**Task instructions**
All lines from the one containing "Chaeyoung (Lee Ch..." down to the one containing "2021 RAM 1500 Big Horn Quad Cab 4x4 6'4' Box", both ends included, are to be given again exactly; omit the rest of the listing below.

**Data supplied**
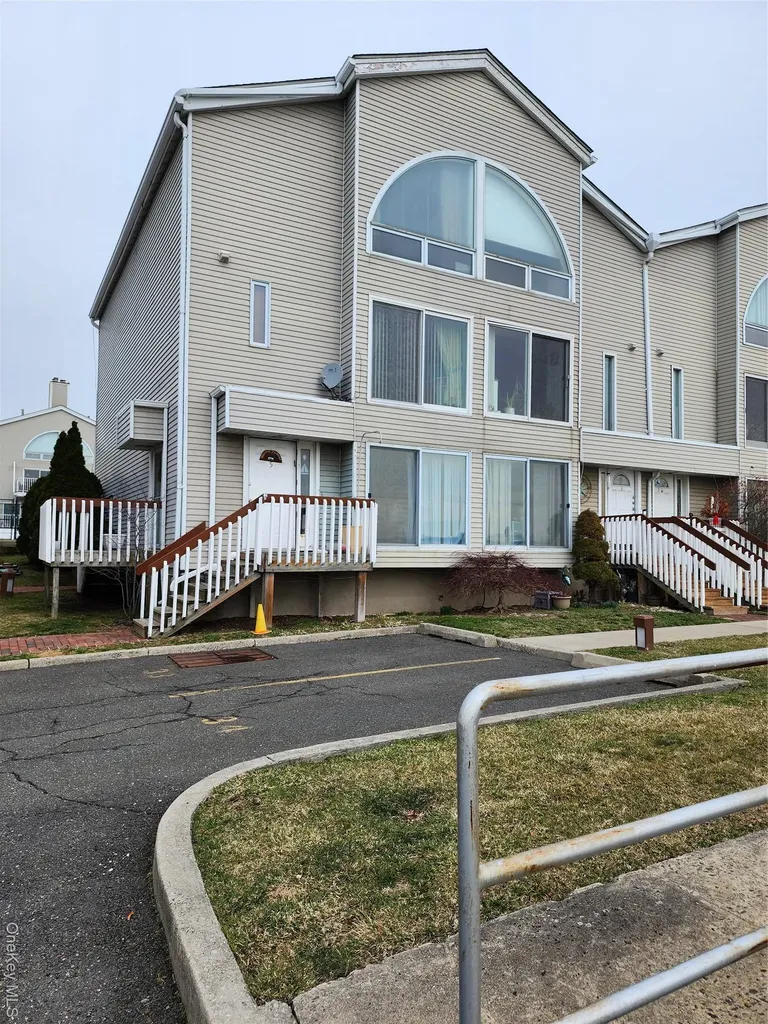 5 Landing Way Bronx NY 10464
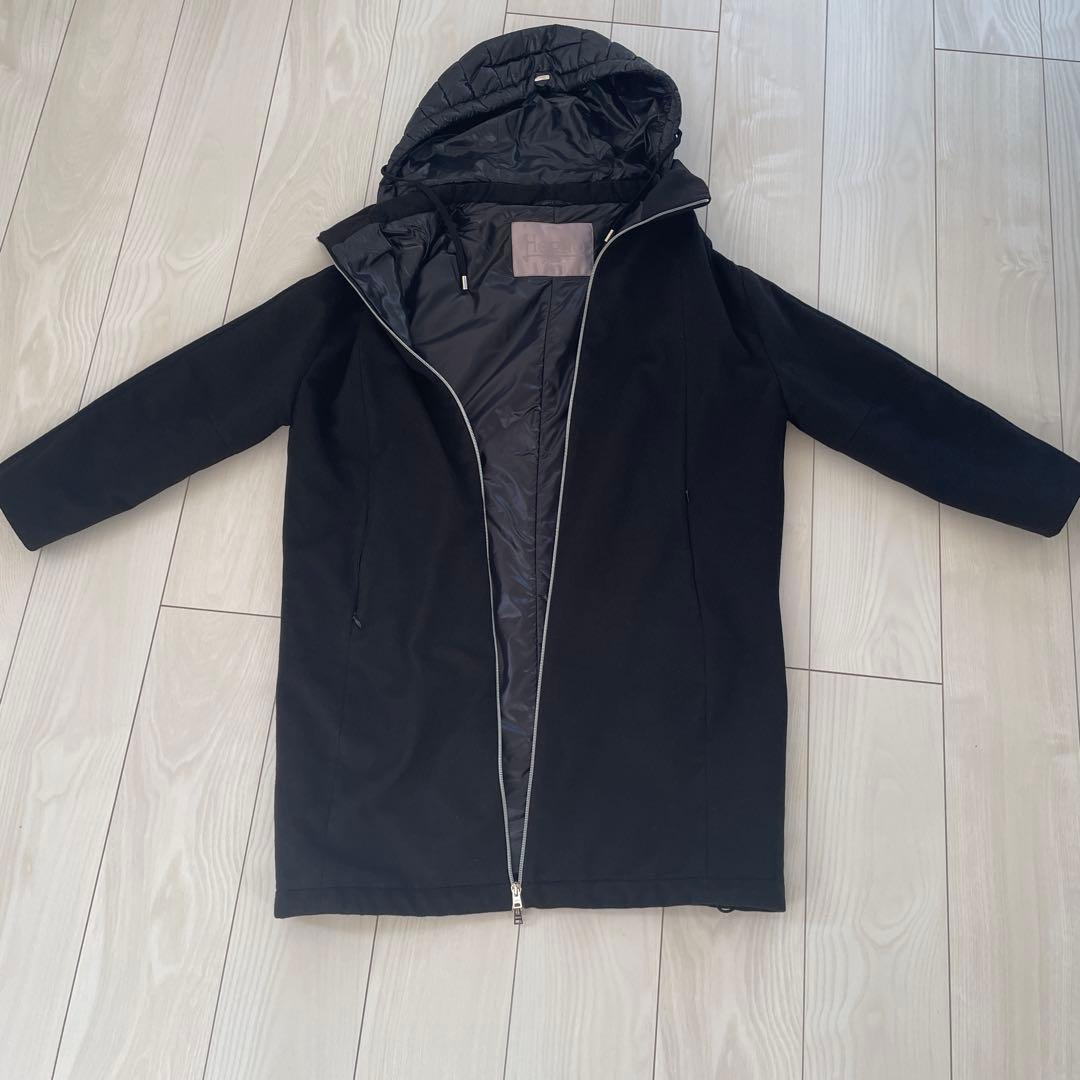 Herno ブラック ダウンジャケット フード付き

* * *

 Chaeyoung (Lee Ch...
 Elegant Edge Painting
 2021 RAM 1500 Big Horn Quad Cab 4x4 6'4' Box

**Exercise response**
 Chaeyoung (Lee Ch...
 Elegant Edge Painting
 2021 RAM 1500 Big Horn Quad Cab 4x4 6'4' Box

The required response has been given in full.